Have Data. Want to make chart.


Bar charts:

import vincent
bar = vincent.Bar(list_data)

Axis Labels

Labeling the axes is simple:

bar = vincent.Bar(multi_iter1['y1'])
bar.axis_titles(x='Index', y='Value')

You can also control aspects of the layout:

import vincent
from vincent import AxisProperties, PropertySet, ValueRef
bar = vincent.Bar(multi_iter1['y1'])
bar.axis_titles(x='Index', y='Value')
#rotate x axis labels
ax = AxisProperties(
         labels = PropertySet(angle=ValueRef(value=90)))
bar.axes[0].properties = ax


Line charts:

line = vincent.Line(list_data)
line.axis_titles(x='Index', y='Value')


Most plots create a separate set of scales that allow for categorical legends that are generated automatically. Adding the legend is straightforward:

line = vincent.Line(multi_iter1, iter_idx='index')
line.axis_titles(x='Index', y='Value')

Using the stocks data:

line = vincent.Line(price[['GOOG', 'AAPL']])
line.axis_titles(x='Date', y='Price')
line.legend(title='GOOG vs AAPL')


Scatter charts:

scatter = vincent.Scatter(multi_iter2, iter_idx='index')
scatter.axis_titles(x='Index', y='Data Value')


All of the Color Brewer scales are built-in to Vincent:



Area charts take similar data to Line:

area = vincent.Area(list_data)

Stacked Area

Stacked areas allow you to visualize multiple categories with one chart:

stacked = vincent.StackedArea(multi_iter1, iter_idx='index')
stacked.axis_titles(x='Index', y='Value')

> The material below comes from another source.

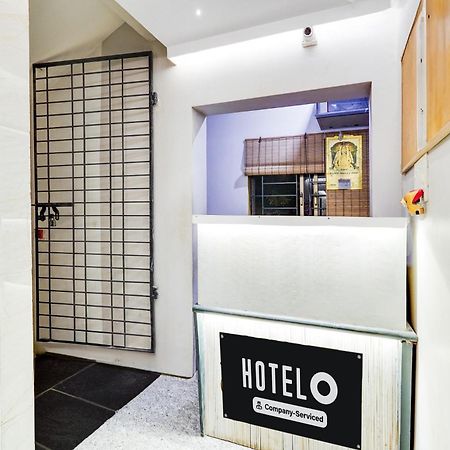 Super Hotel O White Town Formerly Seascape Residency Pondicherry Exterior photo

More categories, more colors:

stacked = vincent.StackedArea(df_1)
stacked.axis_titles(x='Index', y='Value')

Stocks data:

stacked = vincent.StackedArea(price)
stacked.axis_titles(x='Date', y='Price')
stacked.legend(title='Tech Stocks')

Stacked Bar

Similar to stacked areas, stacked bars let you visualize multiple ordinal categories and groups:

stack = vincent.StackedBar(df_2)

Adding some bar padding is often helpful:

stack = vincent.StackedBar(df_farm)
stack.axis_titles(x='Total Produce', y='Farms')
stack.legend(title='Produce Types')
stack.scales['x'].padding = 0.2

Grouped Bar

Grouped bars are another way to view grouped ordinal data:

group = vincent.GroupedBar(df_2)

Farm data:

group = vincent.GroupedBar(df_farm)
group.axis_titles(x='Total Produce', y='Farms')
group.legend(title='Produce Types')

Simple Map

You can find all of the TopoJSON data in the vincent_map_data repo.

A simple world map:

world_topo = r'world-countries.topo.json'
geo_data = [{'name': 'countries',
             'url': world_topo,
             'feature': 'world-countries'}]

vis = vincent.Map(geo_data=geo_data, scale=200)

You can also pass multiple map layers:

geo_data = [{'name': 'counties',
             'url': county_topo,
             'feature': 'us_counties.geo'},
            {'name': 'states',
             'url': state_topo,
             'feature': 'us_states.geo'}]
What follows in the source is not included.